Torna quindi ad aumentare anche il divario tra ricchi e poveri. Il primo decile della popolazione calcolato in base ai redditi conta su una quota del reddito nazionale del 2,5%, in calo tra il 2023 e il 2024. L’ultimo decile, quello più ricco, esprime una quota del reddito nazionale del 24,8%, in aumento sul 24,1% del 2023.
Su questi dati ha ovviamente impattato in maniera significativa l’andamento dei prezzi. Il mancato rinnovo di tanti contratti collettivi ha peggiorato ulteriormente la situazione.

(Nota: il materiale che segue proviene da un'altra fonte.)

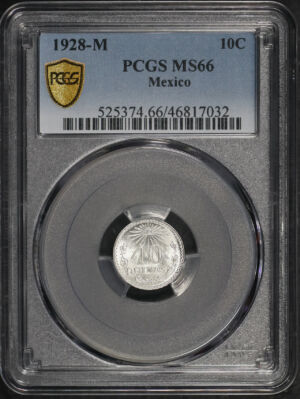Obverse of this 1928-M Mexico 10 Centavos PCGS MS-66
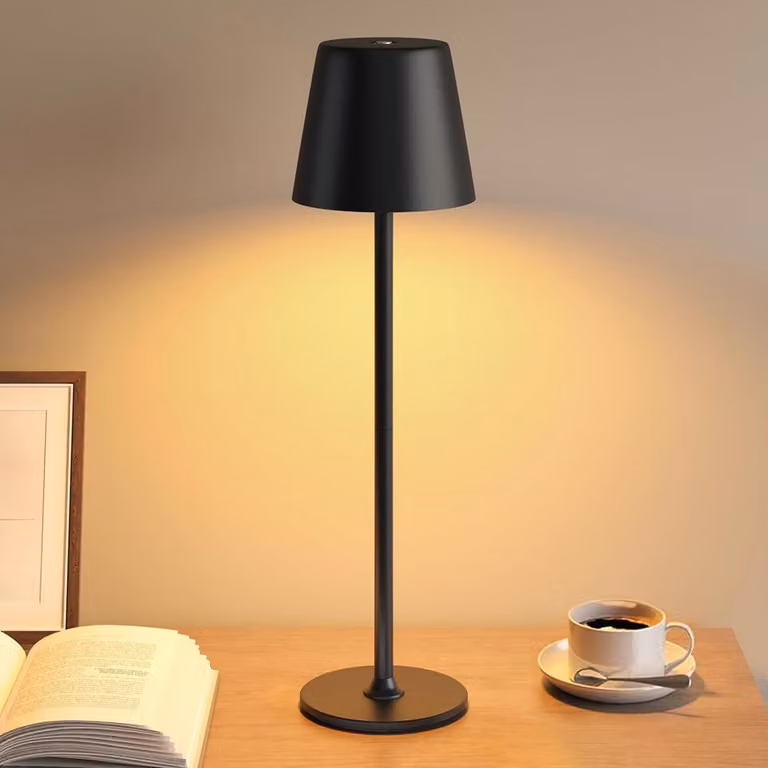 Lampada da tavolo LED UPXNBOR, senza fili, lampada da tavolo in metallo interamente realizzata, adatta per interni ed esterni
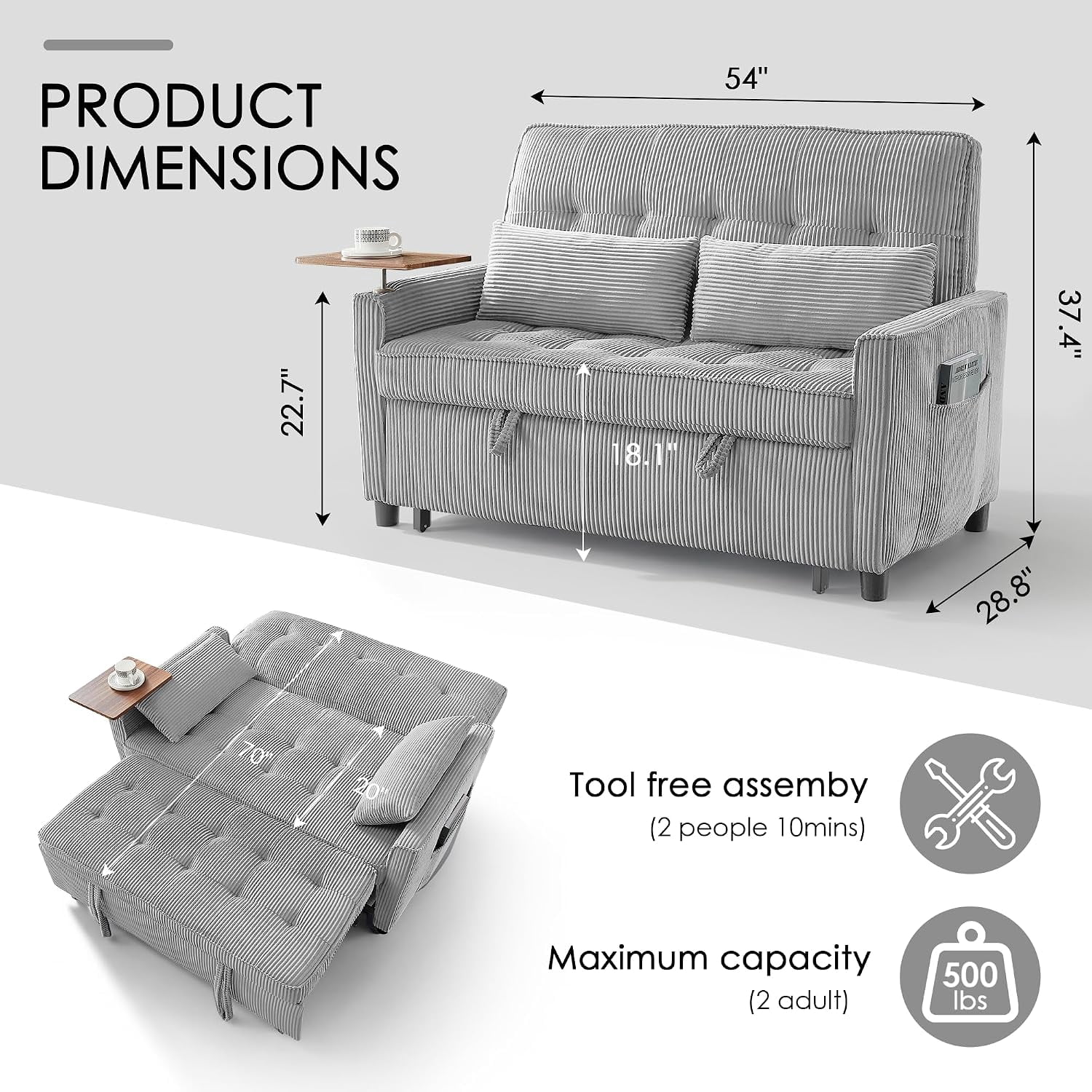 55" Sleeper Sofa Bed, Convertible Pull Out Couch with Side Stand, USB Ports, Side Pockets, Corduroy Fabric, Adjustable Backrest, Light Grey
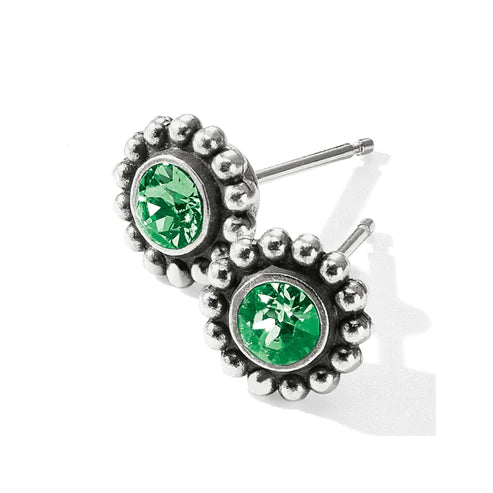 Luxury Earrings-Brighton | Silver Tone Twinkle Mini Post Earrings in Peridot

Risultano però piuttosto intollerabili le accuse che dal centrosinistra sono state mosse al governo: non perché l’esecutivo Meloni non abbia responsabilità per questi dati, ma perché la condivide con l’opposizione.
Arturo Scotto, capogruppo PD in commissione Lavoro alla Camera, ha affermato che “c’è un tabù che il governo Meloni non vuole rompere: si chiama salario minimo”. È lo stesso tabù che ha accompagnato i precedenti governi, con il centrosinistra che ha depotenziato ogni proposta concreta e che ha anzi assecondato la linea della moderazione salariale quando l’inflazione – da profitti – volava.
Oggi la strumentalizzazione delle retribuzioni di milioni di lavoratori mette ancora più in pericolo la loro capacità di garantirsi una vita per lo meno dignitosa, come i dati dell’Eurostat confermano senza appello.